Comparing the independent scheme, FPP-SCA scheme, low complexity scheme, and SDR, it is found that the global asymptotic stability can ensure that the system responds appropriately and quickly to the disturbances that the robot may encounter during the movement. More and more robots work in unstructured environments, with different scenarios and tasks. The comparison shows that the FPP-SCA scheme is the optimal model F-S0 = 2.52, F-S5 = 2.38, F-S10 = 2.5, F-S15 = 2.09, F-S20 = 2.54, F-S25 = 2.8, F-S30 = 2.98. As shown in Table 5 and Figure 7.
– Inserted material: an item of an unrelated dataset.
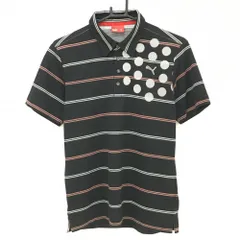 【美品】プーマ 半袖ポロシャツ 黒×白×ピンク ボーダー 一部ドット メンズ M ゴルフウェア PUMA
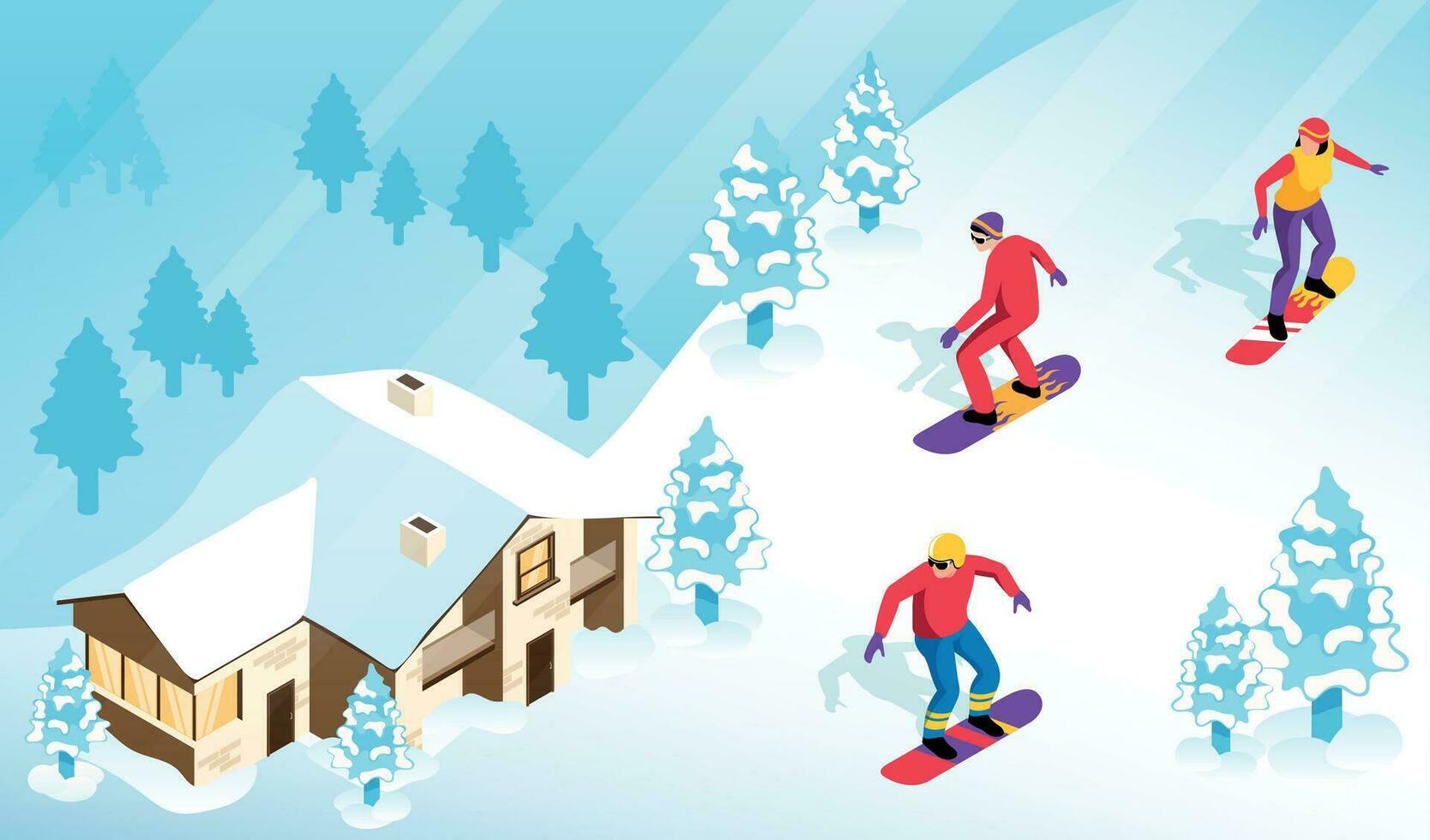 Isometric Ski Resort vector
Robots need to master new skills frequently and quickly. Therefore, the learning speed of the algorithm is also an important evaluation index for the study of teaching learning algorithms. Fast learning algorithms can make sports learning more efficient. In the FPP-SCA scheme model, AM, N = 0.99, BM, N = 1.99, CM, N = 0.58, DM, N = 0.55, EM, N = 1.92, FM, N = 1.82. The FPP-SCA project model uses dynamic motion primitives to improve the accuracy of DMP modeling. An autonomous dynamic system model of human motion is established, and stability is achieved through a combination of linear and nonlinear dynamic systems. The dimensions of low complexity algorithms are all separated, AM, N = 1.3, BM, N = 0, CM, N = 1.16, DM, N = 1.33, EM, N = 1.45, FM, N = 1.24. As shown in Table 6 and Figure 8.

5. Conclusion

This research uses Auto-ID Labs radio frequency identification system to realize the information dissemination from the destination node to the nodes in its neighborhood. The purpose is to forward messages and explore typical applications. Realize the intelligent analysis and management of IoT devices and data.

Design a set of edge video CDN system, in the G1 data set A = 9, p = 9, ℤp = 9, lℤp = 8, AES = 5, ES = 9. Distribute some hot content to public wireless hotspots closer to users in advance, A = 9, p = 7, ℤp = 9, lℤp = 9, AES = 9, ES = 8. At present, a large amount of research is mainly to deploy an edge node between the end node of the Internet of Things and the cloud computing center to provide high-quality services.

Data Availability

The experimental data used to support the findings of this study are available from the corresponding author upon request.

Conflicts of Interest

The authors declare that they have no conflicts of interest regarding this work.